Massensimultanspiele werden zu einem wichtigen Mittel, Schach zu verbreiten. Schulen werden 1961 und 1962 mit 20.000 Brettern ausgerüstet und Schachtrainer ausgebildet, die von Ort zu Ort ziehen, um zu unterrichten. 1959 melden sich lediglich 470 Schachspieler zur Landesmeisterschaft an, 1965 sind es 40.000. Schach wird zum Vorzeigeprojekt. Mit den Capablanca-Gedenkturnieren – eine Idee Che Guevaras – gibt es in Kuba von 1962-1965 wieder große internationale Veranstaltungen mit Weltklassebesetzung. Medienwirksam ist das Turnier 1965, weil Bobby Fischer teilnimmt, obwohl ihm wegen der angespannten diplomatischen Verhältnisse die Einreise vom Außenministerium der USA verweigert worden war. Er sitzt im Marshall Chess Club in New York und seine Züge werden nach Havanna telegrafiert.

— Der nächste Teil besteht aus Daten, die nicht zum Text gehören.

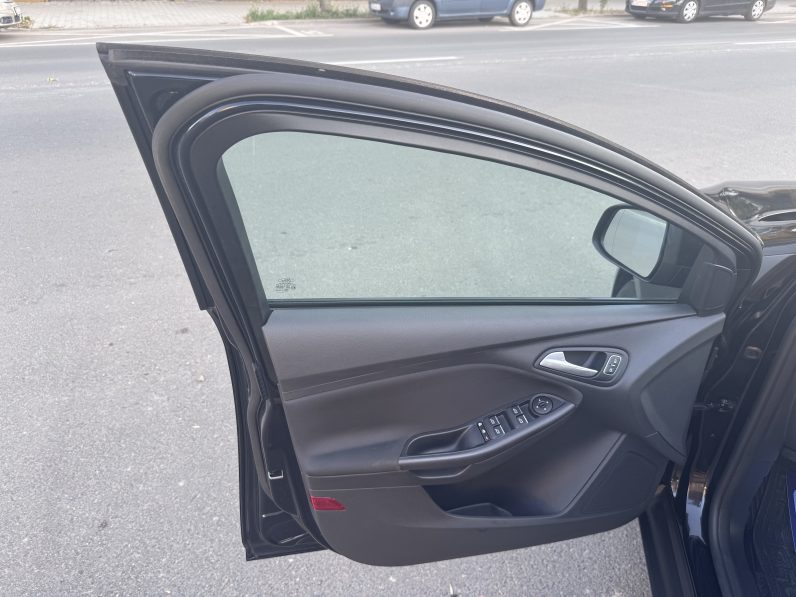 
								FORD FOCUS / AN 2017 / 1,6 D/ EURO 6 / NAVIGATIE CARPLAY full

Che Guevara wird es sehr bedauert haben, dass er bei der Krönung seiner Schachinitiative 1966 nicht in Kuba sein konnte. Er kämpfte bereits mit der Nationalen Befreiungsarmee ELN in Bolivien, wo er nur ein Jahr später sterben sollte.
Obwohl das Land erst seit wenigen Jahren aus seinem schachlichen Dornröschenschlaf erwacht war, entscheidet die Regierung, eine Mammutveranstaltung wie die Schacholympiade zu stemmen. Beim Kongress 1964 stimmt die FIDE trotz einiger Zweifel im Vorfeld der Bewerbung Kubas zu. Die Organisatoren orientieren sich bei der Ausrichtung im Vorfeld an der Leipziger Olympiade von 1960, die ebenfalls ein großer Erfolg gewesen war. Für die junge kubanische Nation ist es eine gute Gelegenheit, sich nach außen zu präsentieren. Und damit dies gelingt, werden keine Kosten gescheut.
ORGANISATION
Die Organisation der XVII. Schacholympiade ist eine konzertierte Aktion der gesamten einheimischen kubanischen Wirtschaft und kostet mehrere Millionen DM. Das Nationalinstitut INDER ist maßgeblich für die Durchführung der Veranstaltung verantwortlich. Schon zwei Jahre zuvor, nachdem die FIDE die Schacholympiade nach Kuba vergeben hatte, beginnen die Vorbereitungen. INDER sorgt für die gesamte Abwicklung der Olympiade, kümmert sich um Reise, Verpflegung, Unterbringung, Nebenveranstaltungen und „Verschönerung der Hauptstadt und anderer Orte in der ganzen Republik“. Die einheimische Industrie produziert für die Olympiade spezielle Artikel. INDER rekrutiert 1000 Freiwillige und bildet sie fast ein Jahr lang zu Schiedsrichtern, Dolmetschern und Helfern aus. Kubanische Techniker entwickeln ein riesiges elektronisches Demonstrationsbrett – eine Neuheit, auf die die Organisatoren besonders stolz sind. Auf einem großen Platz können viele Menschen so die Partien live verfolgen – eine frühe Form des „Public Viewing“. Fernsehen und Radio übertragen stundenlang, oft live, die Tageszeitungen widmen einen Großteil ihrer Auflagen der Olympiade, mehr als 300 Journalisten berichten vor Ort.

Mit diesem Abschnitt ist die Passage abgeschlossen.